═════ Provided data ═════

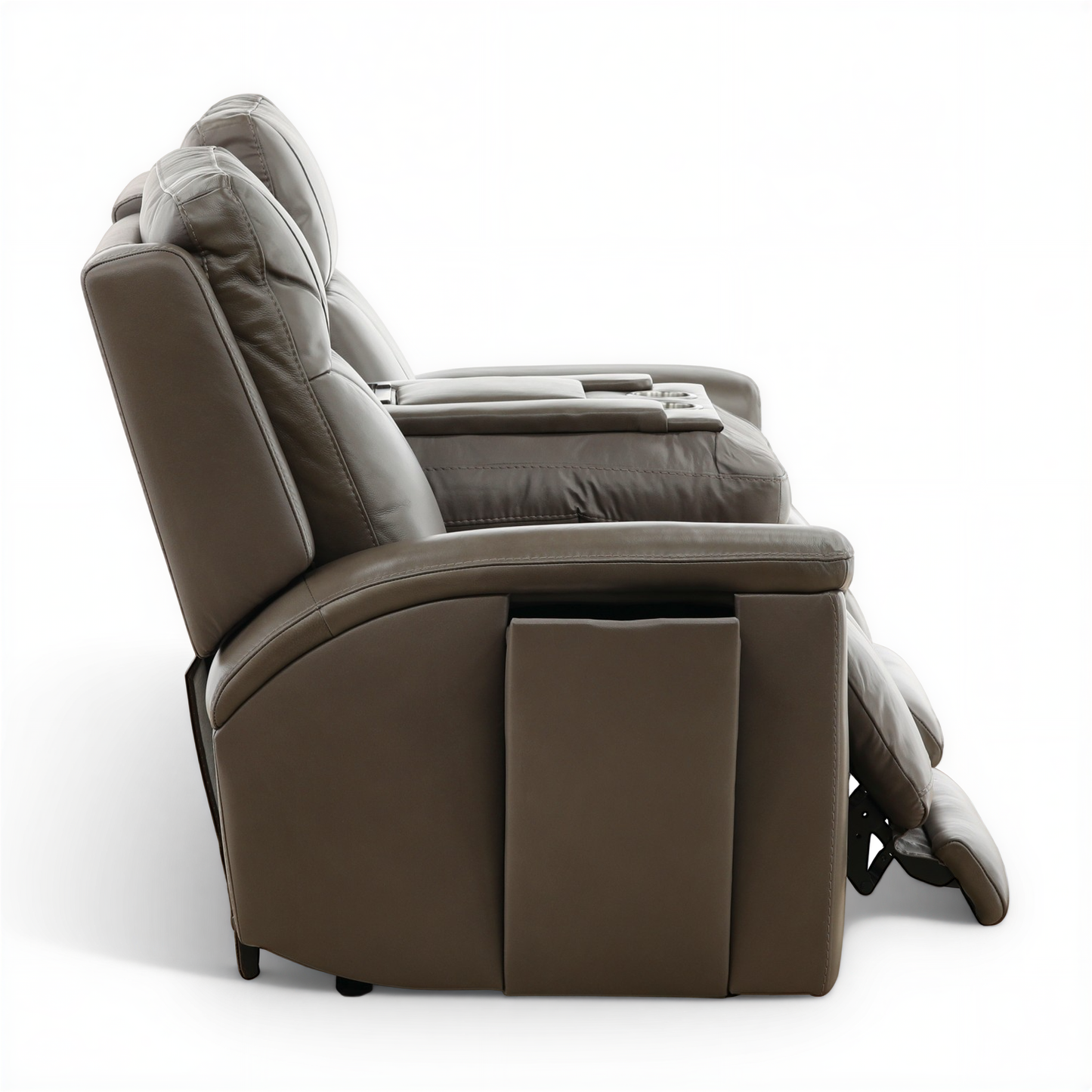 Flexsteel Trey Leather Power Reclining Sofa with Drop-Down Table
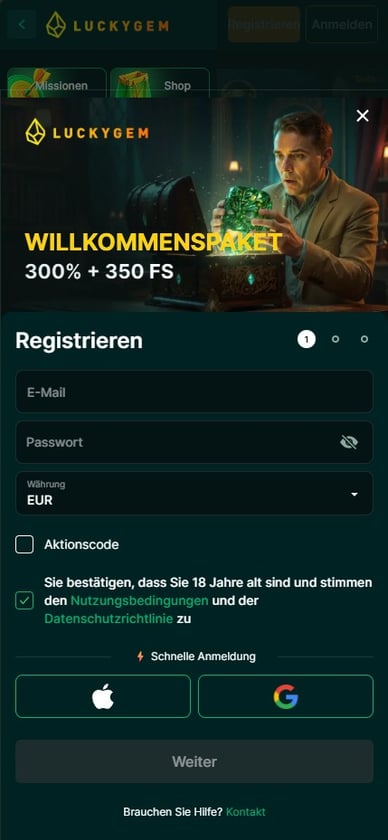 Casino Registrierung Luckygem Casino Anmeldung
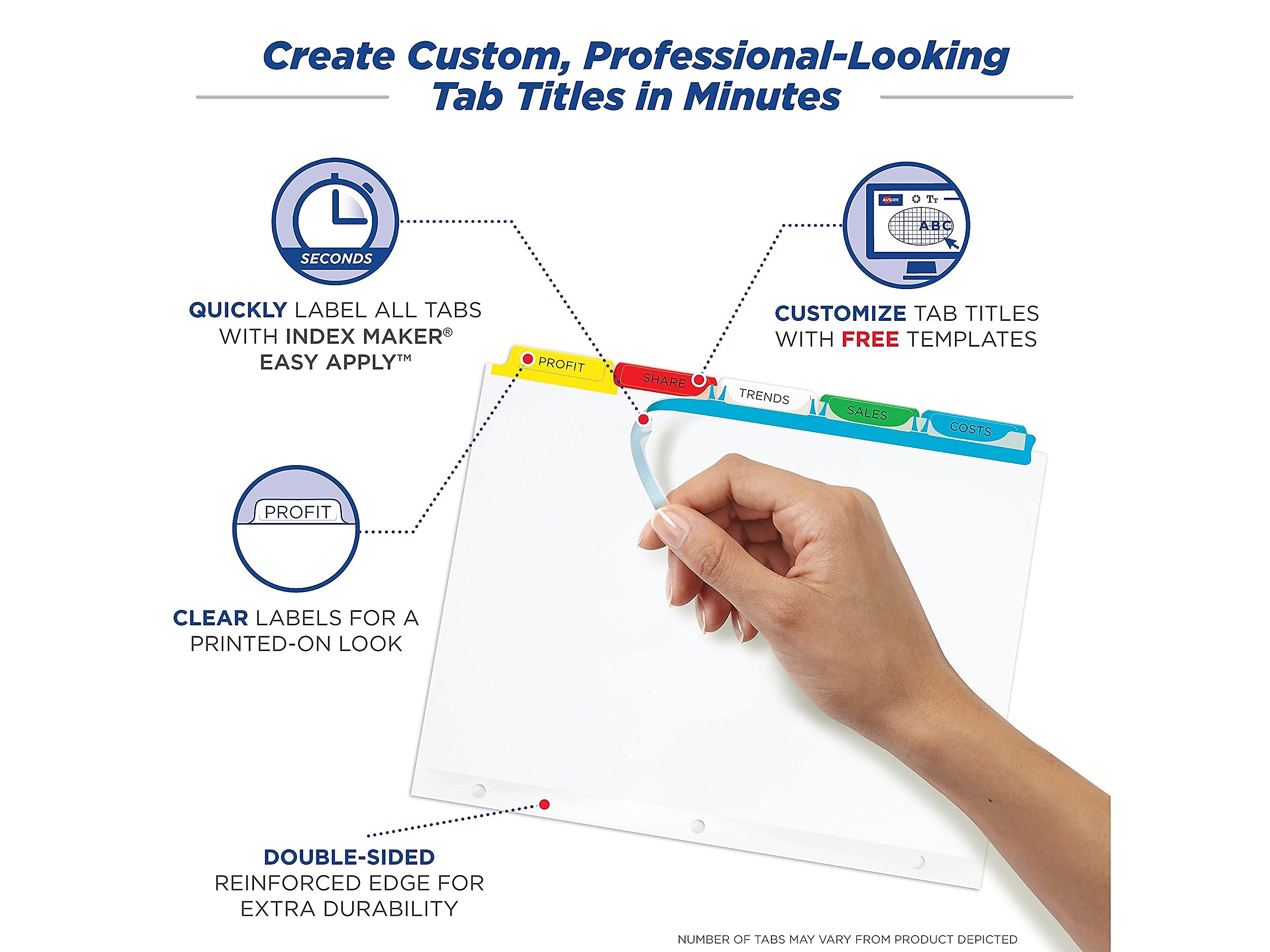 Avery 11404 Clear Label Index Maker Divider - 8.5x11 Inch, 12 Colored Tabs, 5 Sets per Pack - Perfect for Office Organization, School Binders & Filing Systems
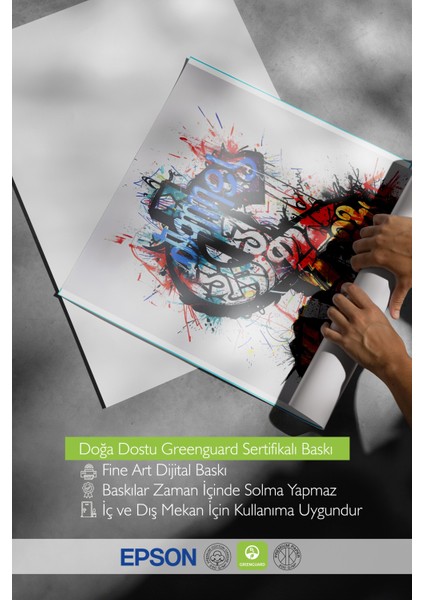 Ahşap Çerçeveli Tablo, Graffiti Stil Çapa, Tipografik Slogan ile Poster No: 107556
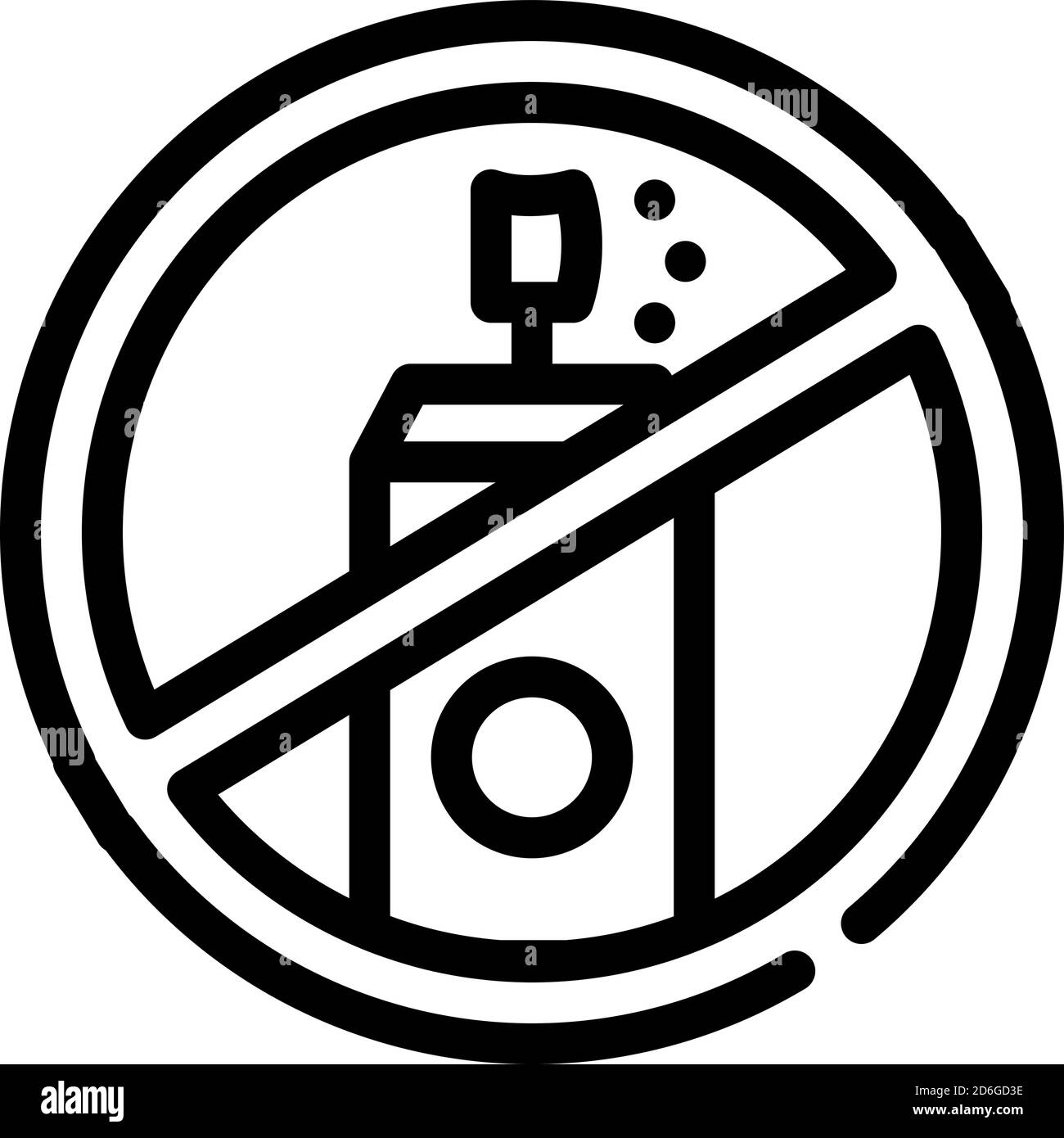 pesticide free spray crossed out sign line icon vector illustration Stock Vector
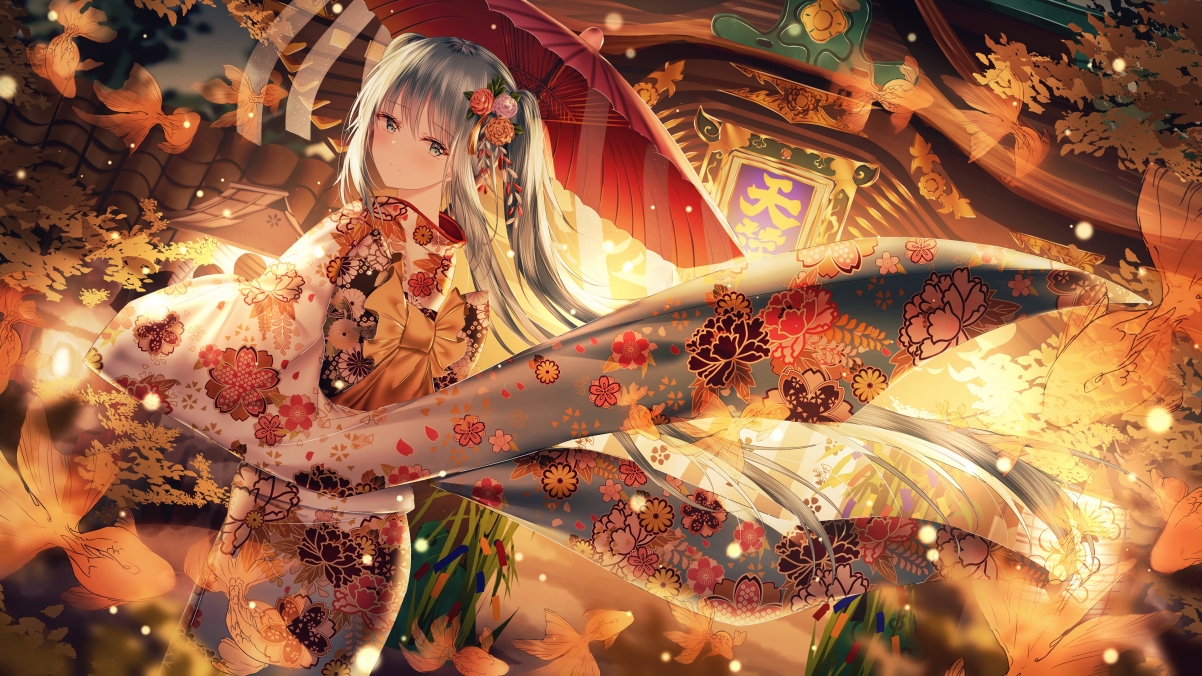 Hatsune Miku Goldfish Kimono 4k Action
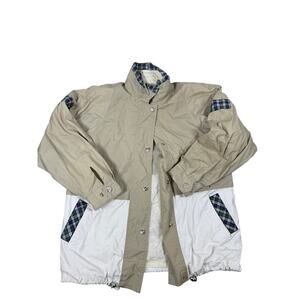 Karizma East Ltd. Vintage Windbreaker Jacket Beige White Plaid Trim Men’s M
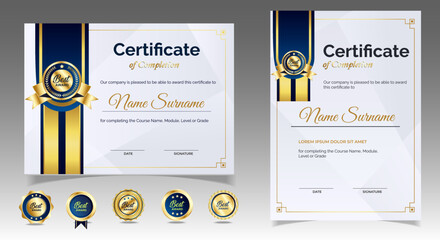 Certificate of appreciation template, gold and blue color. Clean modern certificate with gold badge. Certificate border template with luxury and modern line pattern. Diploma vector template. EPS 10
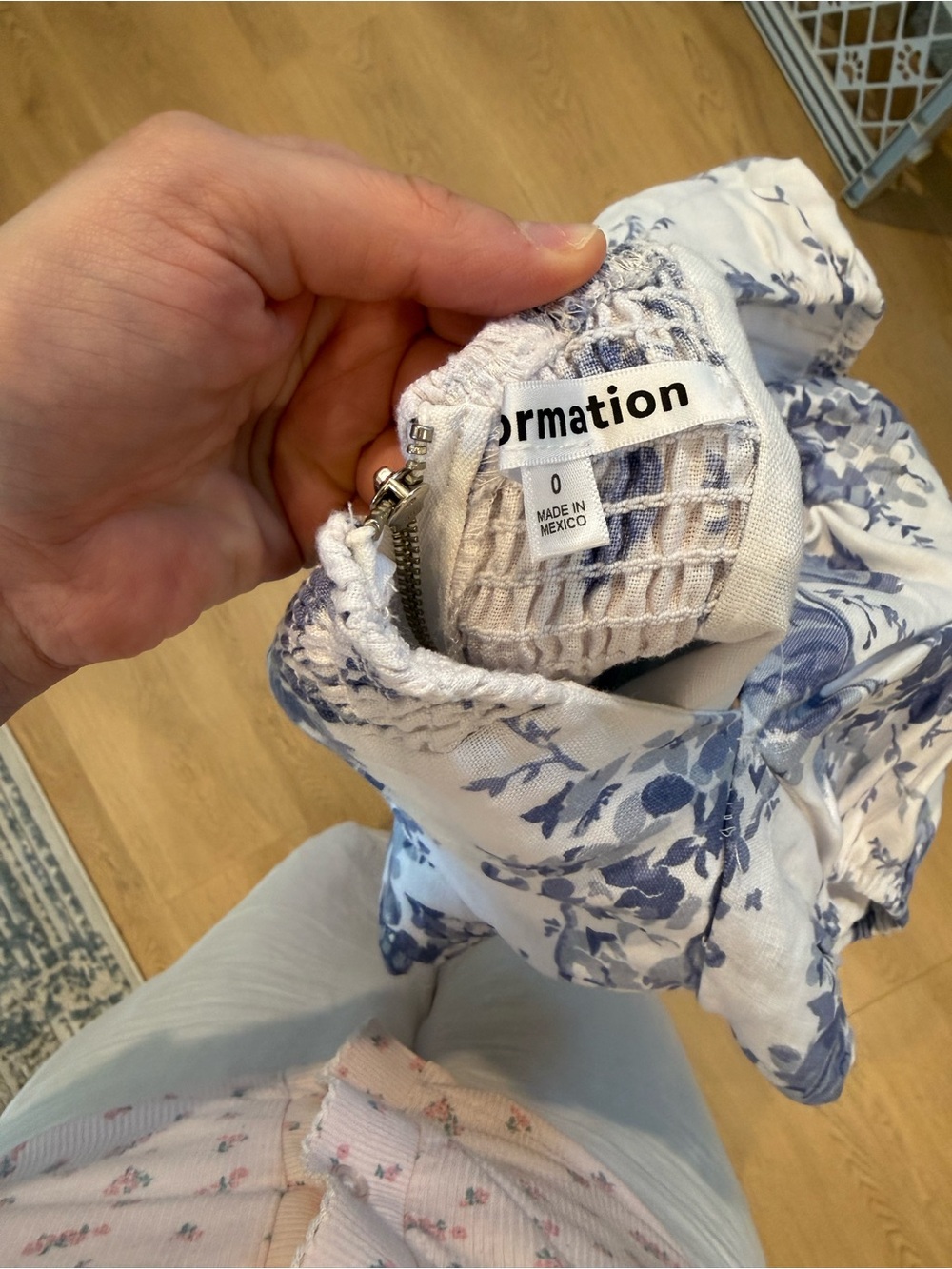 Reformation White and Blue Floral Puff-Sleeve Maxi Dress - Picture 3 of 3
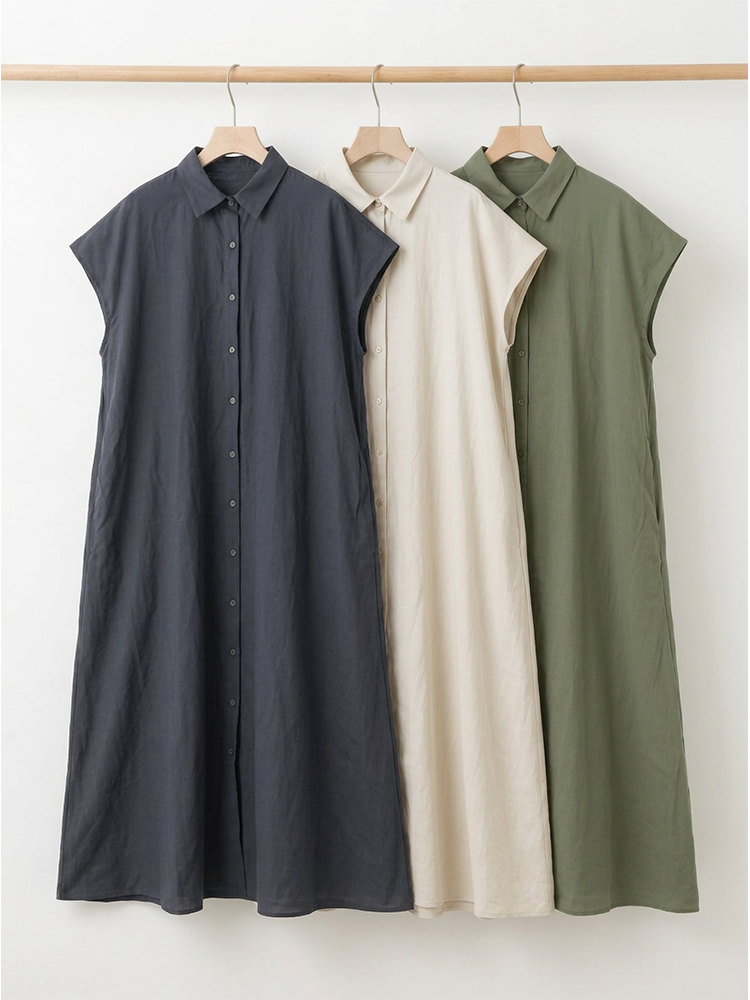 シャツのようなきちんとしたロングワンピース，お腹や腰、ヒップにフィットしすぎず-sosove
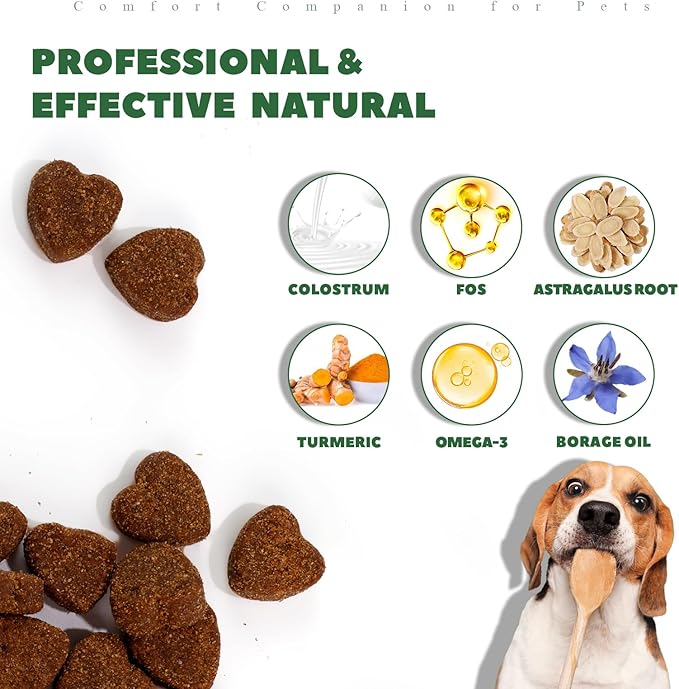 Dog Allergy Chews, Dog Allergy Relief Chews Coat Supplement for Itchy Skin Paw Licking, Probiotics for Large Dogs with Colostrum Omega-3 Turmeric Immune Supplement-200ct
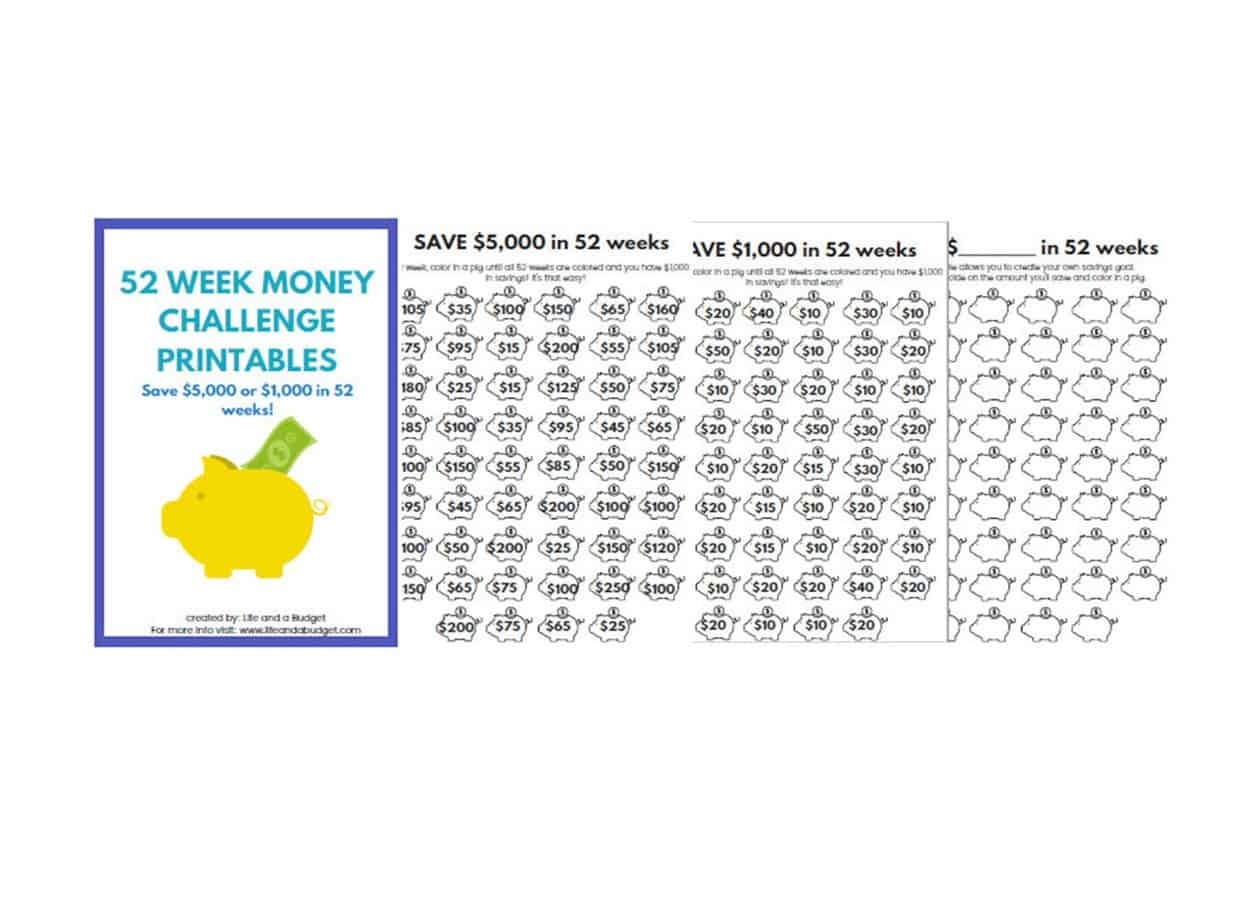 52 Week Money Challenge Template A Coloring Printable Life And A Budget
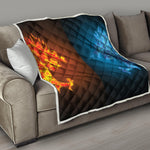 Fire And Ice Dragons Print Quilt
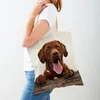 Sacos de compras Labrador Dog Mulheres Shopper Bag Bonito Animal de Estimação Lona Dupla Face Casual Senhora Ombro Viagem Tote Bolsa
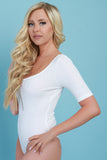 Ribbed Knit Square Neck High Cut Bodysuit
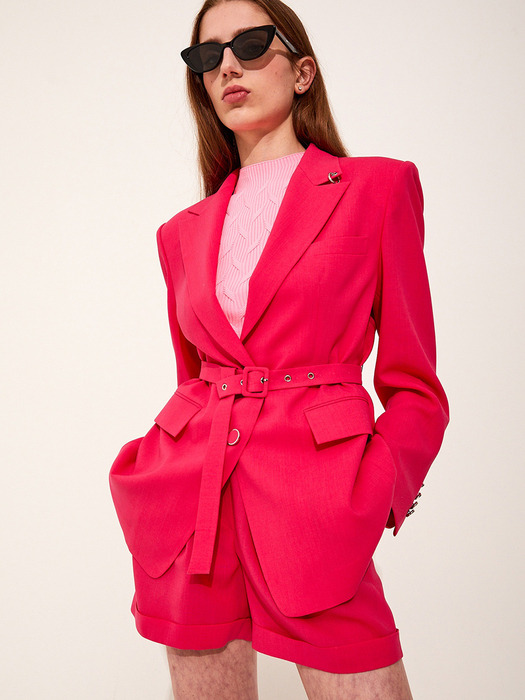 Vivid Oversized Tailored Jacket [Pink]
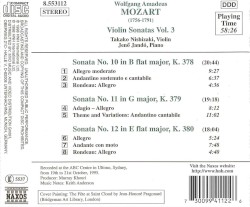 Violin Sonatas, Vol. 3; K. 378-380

═════

■ Activity:
Exactly as they stand, set down the lines from the start of the material through the line with "Karizma East Ltd.", both ends included, omitting the pictures.

■ Response to the task:
 Flexsteel Trey Leather Power Reclining Sofa with Drop-Down Table
 Casino Registrierung Luckygem Casino Anmeldung
 Avery 11404 Clear Label Index Maker Divider - 8.5x11 Inch, 12 Colored Tabs, 5 Sets per Pack - Perfect for Office Organization, School Binders & Filing Systems
 Ahşap Çerçeveli Tablo, Graffiti Stil Çapa, Tipografik Slogan ile Poster No: 107556
 pesticide free spray crossed out sign line icon vector illustration Stock Vector
 Hatsune Miku Goldfish Kimono 4k Action
 Karizma East Ltd. Vintage Windbreaker Jacket Beige White Plaid Trim Men’s M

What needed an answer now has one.